I literally feel torn between two worlds. It’s a mixture of so many different layers that I will never be able to explain let alone reconcile to people in my village and even people back in the United States. It’s the sadness at knowing something that is simply impossible to describe to someone unless they too have experienced it. Everyone is a bit blind to something, and every experience removes some of that blindness if that person is willing. However, it is impossible to explain something that you have seen to a blind person because that person has no context for it.
How do I even begin to put this into words? I am sad that I am leaving my village of course. I am sad that I will not be able to describe what it means to have made a new home here, taken a new name, and spoken a new language to people back in the United States who will take this as a misappropriation of culture. I am sad that my villagers will never understand the ubiquity of ice, air-condition, and technology but that they do not need these creature comforts to be better. I am sad at the misunderstanding among cultures and how we tend to judge and make assumptions too quickly. I am sad that most people in the United States will ask me questions in order to validate their preconceived assumptions about Africa and Peace Corps. I am sad that the only people who will truly understand this experience from this point of view will be other Peace Corps Volunteers and no one else.

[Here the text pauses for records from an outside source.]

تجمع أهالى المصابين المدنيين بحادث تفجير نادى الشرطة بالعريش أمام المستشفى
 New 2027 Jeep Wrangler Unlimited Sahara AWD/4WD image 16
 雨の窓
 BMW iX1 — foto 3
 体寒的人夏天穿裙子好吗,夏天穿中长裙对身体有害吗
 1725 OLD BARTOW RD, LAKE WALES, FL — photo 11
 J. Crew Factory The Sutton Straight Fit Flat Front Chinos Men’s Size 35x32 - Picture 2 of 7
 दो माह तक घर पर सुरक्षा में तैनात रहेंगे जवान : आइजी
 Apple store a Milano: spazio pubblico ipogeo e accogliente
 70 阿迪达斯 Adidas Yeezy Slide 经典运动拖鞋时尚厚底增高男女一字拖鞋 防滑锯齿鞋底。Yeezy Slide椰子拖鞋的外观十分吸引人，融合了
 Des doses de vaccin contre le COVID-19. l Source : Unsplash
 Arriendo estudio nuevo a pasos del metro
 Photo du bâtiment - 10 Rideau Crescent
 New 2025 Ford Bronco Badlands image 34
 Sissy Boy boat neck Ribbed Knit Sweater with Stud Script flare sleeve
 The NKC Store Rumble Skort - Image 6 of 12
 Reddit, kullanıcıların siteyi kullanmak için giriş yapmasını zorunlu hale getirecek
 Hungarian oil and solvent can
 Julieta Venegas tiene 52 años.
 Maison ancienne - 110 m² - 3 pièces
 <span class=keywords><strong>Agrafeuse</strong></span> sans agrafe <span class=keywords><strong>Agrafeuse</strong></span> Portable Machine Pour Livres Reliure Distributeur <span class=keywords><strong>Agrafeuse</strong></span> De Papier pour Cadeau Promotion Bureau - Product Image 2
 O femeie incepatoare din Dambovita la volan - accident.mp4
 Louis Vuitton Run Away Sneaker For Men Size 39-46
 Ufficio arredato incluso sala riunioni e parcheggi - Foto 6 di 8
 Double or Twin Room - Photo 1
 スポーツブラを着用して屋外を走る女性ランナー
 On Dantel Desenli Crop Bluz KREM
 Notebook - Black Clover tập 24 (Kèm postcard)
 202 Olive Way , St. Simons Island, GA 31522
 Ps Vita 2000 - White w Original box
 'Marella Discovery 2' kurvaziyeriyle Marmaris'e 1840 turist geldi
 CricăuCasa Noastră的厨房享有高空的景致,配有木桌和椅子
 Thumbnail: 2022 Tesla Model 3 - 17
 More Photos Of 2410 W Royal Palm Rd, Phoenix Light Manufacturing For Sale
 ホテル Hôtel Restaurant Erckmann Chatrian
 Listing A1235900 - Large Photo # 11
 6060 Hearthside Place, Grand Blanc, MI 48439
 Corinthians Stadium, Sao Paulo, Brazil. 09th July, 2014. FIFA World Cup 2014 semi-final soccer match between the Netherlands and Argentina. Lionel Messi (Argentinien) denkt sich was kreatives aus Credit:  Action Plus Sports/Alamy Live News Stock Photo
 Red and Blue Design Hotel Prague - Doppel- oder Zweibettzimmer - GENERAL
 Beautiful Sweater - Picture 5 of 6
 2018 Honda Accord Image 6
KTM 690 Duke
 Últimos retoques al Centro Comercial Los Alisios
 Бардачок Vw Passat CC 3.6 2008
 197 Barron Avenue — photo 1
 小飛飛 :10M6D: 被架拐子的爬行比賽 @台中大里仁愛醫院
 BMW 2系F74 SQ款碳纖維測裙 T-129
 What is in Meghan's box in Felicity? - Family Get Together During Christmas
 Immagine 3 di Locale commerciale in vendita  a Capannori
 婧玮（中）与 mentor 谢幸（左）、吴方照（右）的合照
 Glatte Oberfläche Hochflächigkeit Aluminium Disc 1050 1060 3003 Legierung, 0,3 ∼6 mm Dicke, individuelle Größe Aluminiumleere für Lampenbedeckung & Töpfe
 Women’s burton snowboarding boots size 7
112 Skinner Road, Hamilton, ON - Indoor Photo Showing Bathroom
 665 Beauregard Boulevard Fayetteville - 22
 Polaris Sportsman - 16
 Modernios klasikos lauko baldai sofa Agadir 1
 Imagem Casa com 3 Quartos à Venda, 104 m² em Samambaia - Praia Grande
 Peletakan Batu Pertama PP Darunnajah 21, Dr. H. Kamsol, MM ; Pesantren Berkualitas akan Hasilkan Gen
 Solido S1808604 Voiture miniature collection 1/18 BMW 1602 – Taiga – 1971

But I am happy that I am no longer blind to the reality of this part of the world. I am glad that I can better perceive the differences in cultures and how one isn’t necessarily better than another one. I am glad that I might be having the shittiest day ever, but the unbridled laughter of my neighbor’s kids can make me laugh too. I am content knowing what I know and not being alone.
And these are the drastic swings in temperament that I undergo every day.